Cartunistas de uma revista semanal da França que foi atacada por um coquetel molotov após publicar uma imagem do profeta Maomé reagiram, veiculando trabalhos em outra publicação nesta quinta-feira.

AE, Agência Estado

03 de novembro de 2011 | 11h24

A equipe da revista Charlie Hebdo fez uma série de cartoons para a mais recente edição do jornal de esquerda Libération, com comentários bem-humorados sobre o ataque que destruiu o escritório da revista na quarta-feira.

"Após a Grécia, salvem a ''Charlie''", afirma o título de um desenho na capa por "Catherine", uma das cartunistas publicadas. Outras charges foram veiculadas nas primeiras três páginas do Libération.

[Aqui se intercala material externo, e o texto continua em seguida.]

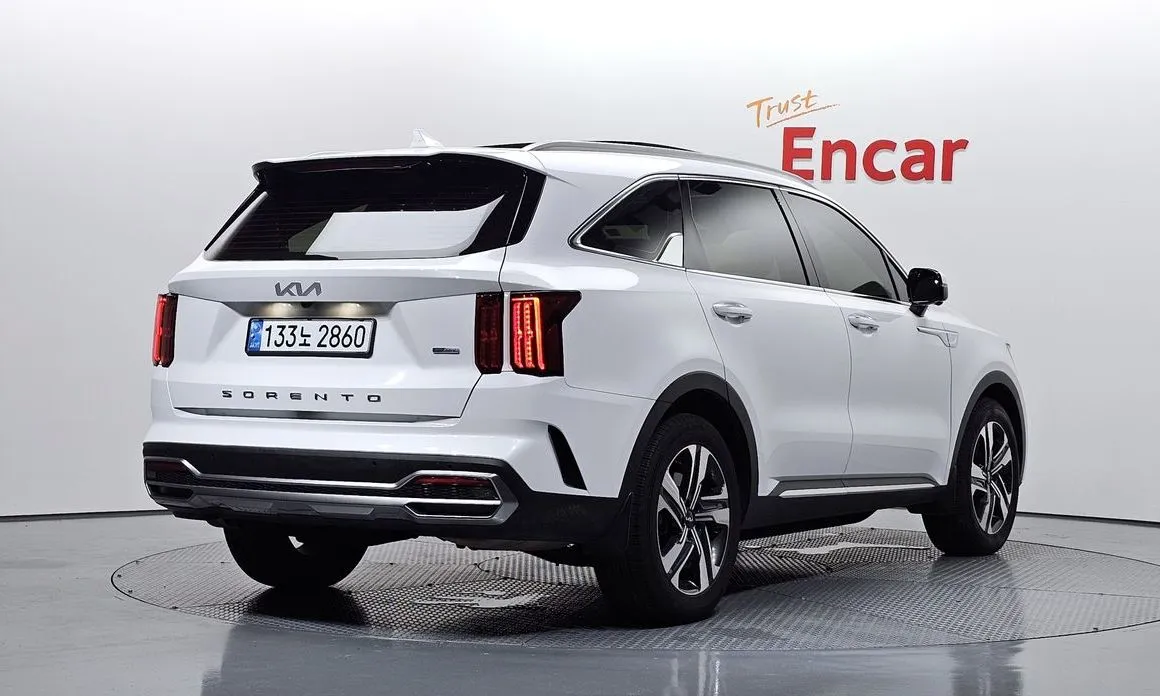 Kia Sorento — фото 4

O jornal foi um dos vários meios que apoiaram a revista, bem como jornalistas e políticos.

Os políticos da França rapidamente condenaram o ataque ocorrido em Paris. "A liberdade de expressão é um direito inalienável em nossa democracia, e todos os ataques contra a liberdade de imprensa devem ser condenados com a maior firmeza", afirmou o primeiro-ministro François Fillon em comunicado. "Nenhuma causa pode justificar tal ato de violência.

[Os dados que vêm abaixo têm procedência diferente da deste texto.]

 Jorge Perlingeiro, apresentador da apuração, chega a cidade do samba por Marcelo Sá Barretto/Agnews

O ministro do Interior, Claude Gueant, disse a jornalistas que tudo será feito para encontrar os autores do ataque. O candidato do Partido Socialista à presidência no ano que vem, François Hollande, também condenou a violência.

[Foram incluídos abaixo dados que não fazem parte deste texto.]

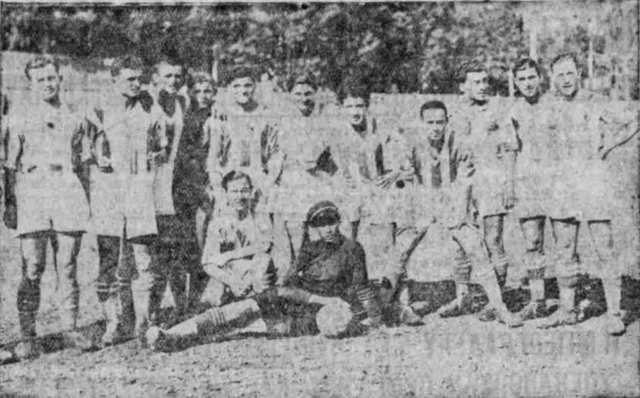 1933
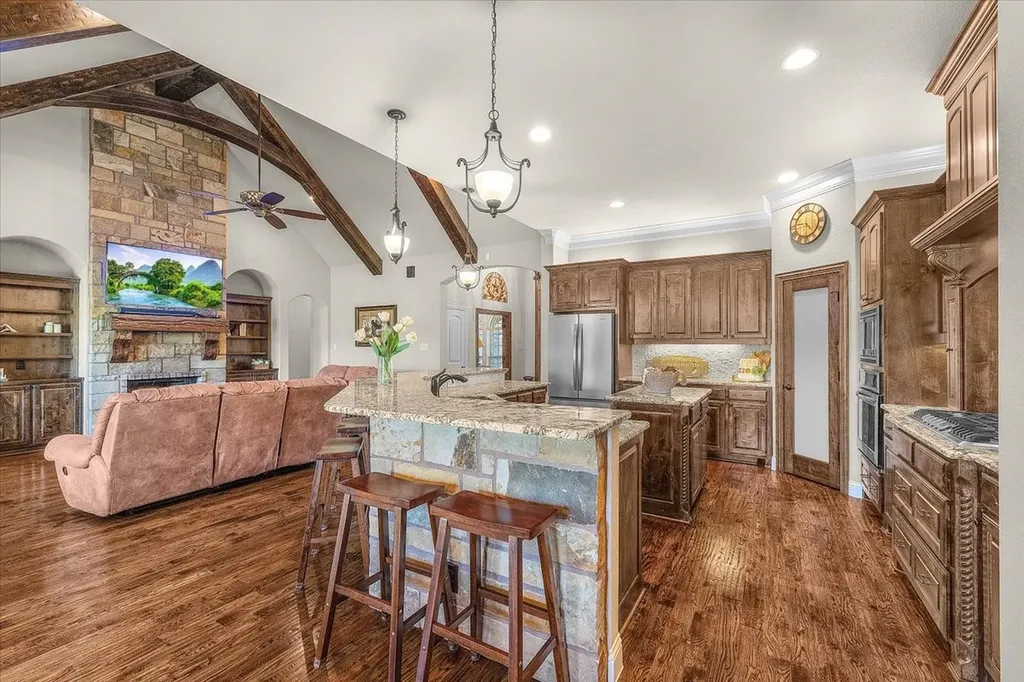 332 Antler Ridge Drive Azle TX 76020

O ataque ocorreu um dia após a revista renomear sua edição semanal para "Charia Hebdo", em uma referência à sharia (lei islâmica), e retratar na capa o profeta Maomé dizendo: "100 chibatadas se você não morrer de rir!". O islamismo proíbe a representação do profeta.

O site da revista também foi aparentemente alvo de um ataque de hackers na quarta-feira. A polícia informou que o incêndio na redação da revista começou por volta da 1h da quarta-feira. Ninguém se feriu no incêndio, que segundo uma fonte da polícia foi causado por uma bomba feita com gasolina.

Em 2007, um tribunal de Paris arquivou um processo de duas organizações muçulmanas contra a Charlie Hebdo pelo fato de a revista republicar charges de Maomé inicialmente veiculadas no jornal dinamarquês Jyllands-Posten. Essas charges geraram furiosos protestos pelo mundo. Na quarta-feira, o diário enviou uma mensagem de solidariedade à revista. As informações são da Dow Jones.